RSTP and Fast Convergence

Fast Convergence for Designated Ports

RSTP protocol's fast convergence depends on the use of point-to-point links connecting switches. In order to quickly transition a designated port into non-discarding state, the upstream switch needs to make sure that the downstream neighbor agrees with that idea. This constitutes the process known as handshake (or proposal/agreement):

Upstream bridge sends a proposal out of a designated port. As a matter of fact, it just sets the proposal bit in outgoing configuration BPDUs.
Downstream bridge receives the proposal, and if it agrees with the upstream port role, it starts the process known as synchronization.
Synchronization implies the downstream bridge blocking all non-edge designated ports, prior to sending an agreement to the upstream bridge.
Synchronization is needed to make sure there are no loops in the topology, after the upstream bridge unblocks its designated port.
If the downstream bridge does not agree with the proposal, it will continues sending it's own configuration BPDUs with the proposal bit set. Eventually one of the bridges will accept the superior information and send an agreement.

Fast Convergence for Other Port Types

See more detailed overview at: http://blog.ine.com/wp-content/uploads/2010/04/understanding-stp-rstp-convergence.pdf

The above procedure outlines the fast transition procedure for designated ports. As for root ports, they can always transition to forwarding state upon receiving a superior BPDU and synchronizing the local designated ports. Alternate ports may quickly transition to forwarding state if the current root port is lost, thanks to the feature known as UplinkFast in the classic STP implementations. Inferior BPDU handling is similar to BackboneFast feature, where a designated port receiving an inferior BPDU will quickly send a new proposal to synchronize the downstream peer.

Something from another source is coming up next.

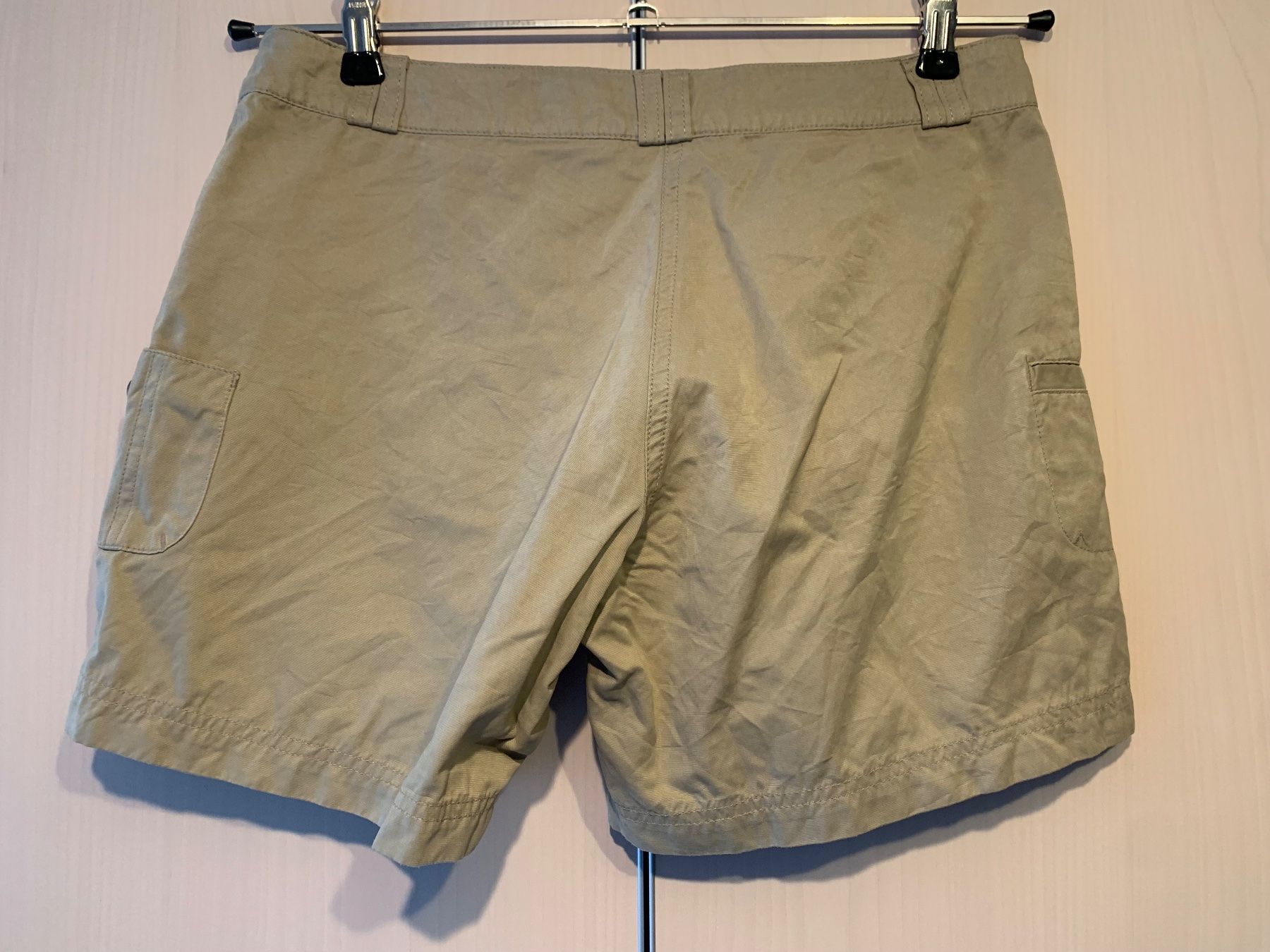 Pantaloni: Khaki Shorts mit Blumenmuster, Grösse 38 – Usato da Rosshäusern venduto da MiJoDoOl 2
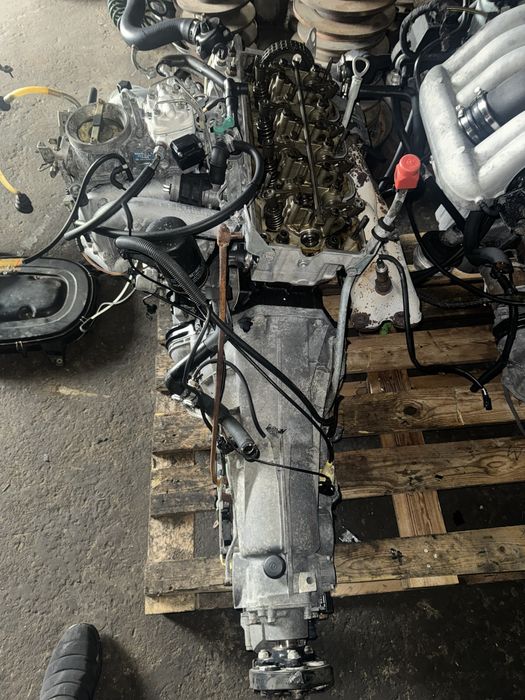 Матор Мерседес М102 2.3 2 цепной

Why P2P links are So Important?

And now, an interesting question: Why RSTP needs point-to-point links for fast convergence? The answer lies in the handshake protocol. If we would have multiple devices on the segment, performing synchronization would become really cumbersome. The upstream bridge will have to detect all downstreams, and wait for every one of them to synchronize with its proposal. Implementing such complicated protocols is not worth the benefits, as most of the time switches are connected using full-duplex links.

Treating Shared Links as P2P

Yes, this is possible. Even though you may think this is purely a theoretical concern, it's possible to encounter this in real-life scenarios. Recall that RSTP detects P2P links by looking at the link duplex. What if we have switches A,B and C (customer switches) plugged into switch D (provider switch) and switch D performing Layer-2 Protocol Tunneling? In this case, all customer switches would consider their connection as being P2P. However, switch D will tunnel all BPDUs, effectively connecting the switches via a share cloud. In this situation, RSTP would behave according to the P2P link rules, sending a proposal and unblocking the designated port upon receiving the first agreement. This may potentially introduce temporary Layer 2 loops, as one of the switches may not yet be synchronized. You may easily lab up this scenario and observer "fast convergence" over a shared link.

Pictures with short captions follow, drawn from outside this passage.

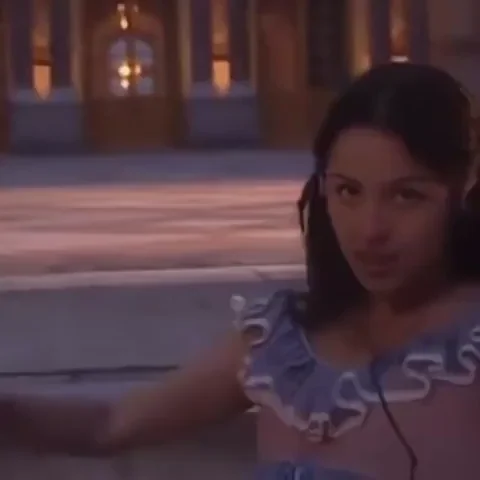 olivia rodrigo cantando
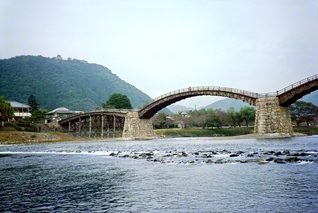 錦川に美しい弧を描く「錦帯橋」。日本を代表する木造橋で、国の名勝に指定される。その歴史ある景観を池田先生がカメラに収めた（1984年10月、山口・岩国市で）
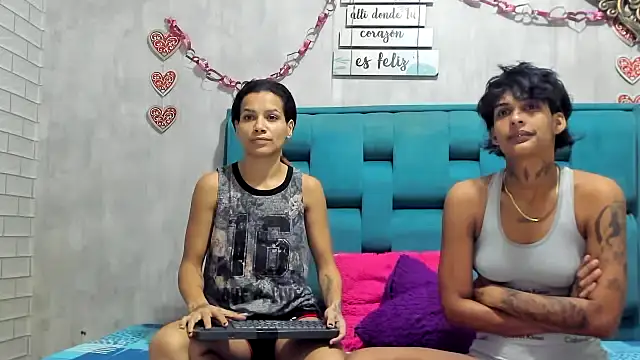 chicamir22 online show from October 17, 2025, 8:00 pm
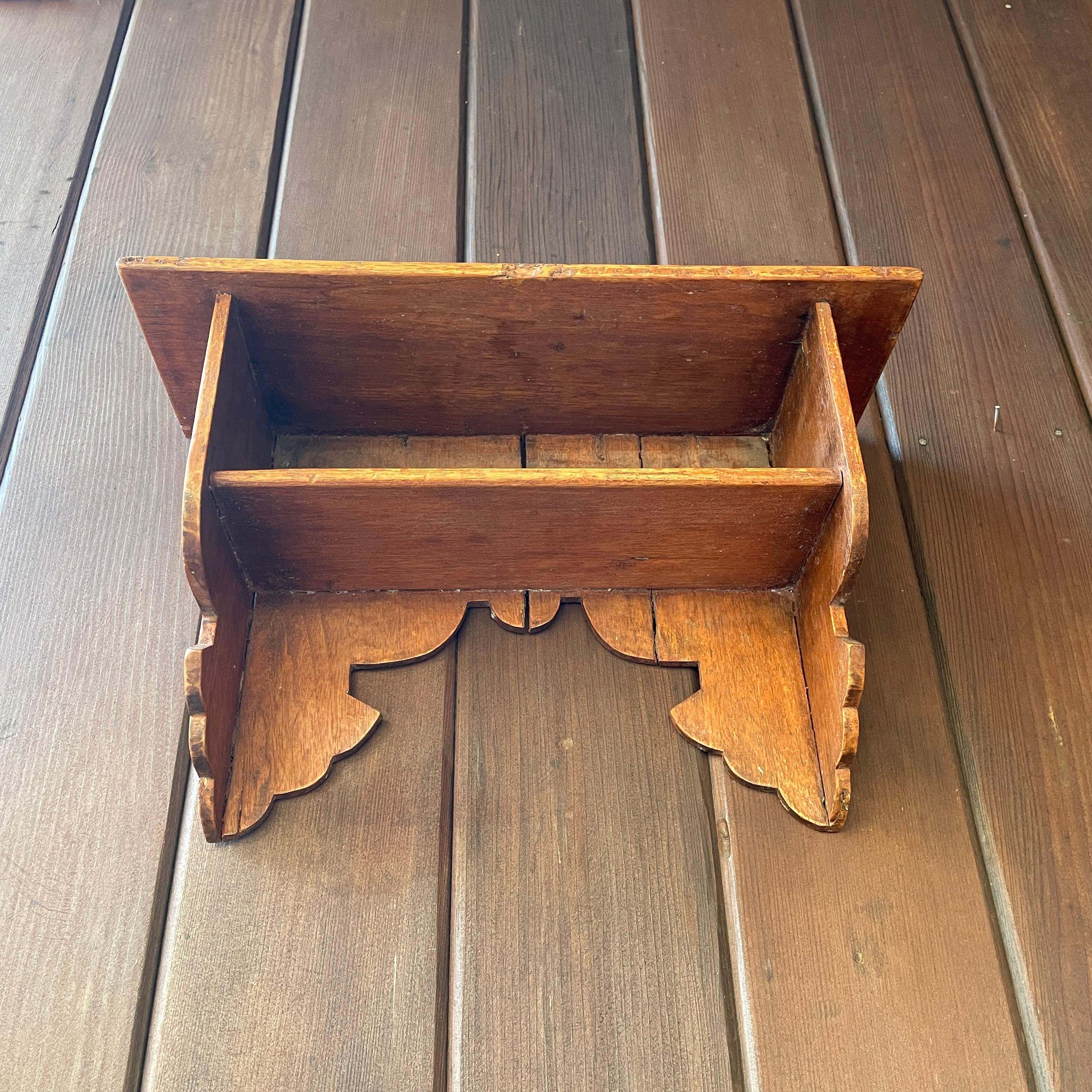 Hand-Crafted 1870s American Pennsylvania Hand-Carved Wall Shelf Shadow Box, Amish Farmhouse For Sale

Another situation is possible with Cisco's R-PVST, which is a hybrid of RSTP and Cisco's proprietary PVST+. The encapsulation rules for RPVST follow the same used for PVST+ in order to allow for tunneling of Cisco PVST instances over an IEEE CST cloud (You may read about PVST+ encapsulation rules in the blog post named PVST+ Explained). The problem with RPVST is the same – there could be multiple Cisco switches connected to the IEEE CST cloud, every switch treating this cloud as a P2P link, as the links are full-duplex. The net effect is the same as described above.

So how long does it take for RSTP to converge?

Contrary to many beliefs of RSTP's fast convergence (order of milliseconds), it may exhibit convergence times in order of seconds even for small topologies. The main problems is the distance-vector or gradient nature of STP protocol, which converges based on the best information received from peers. Under some some cases (e.g. root bridge crash), this may result in old information circulating inside the topology until the hop count exceeds the limit. This is known as count to infinity and is very similar to the problem found in RIP or any other distance-vector protocol. With the critical nodes failing, RSTP may take seconds to recover from the information loss.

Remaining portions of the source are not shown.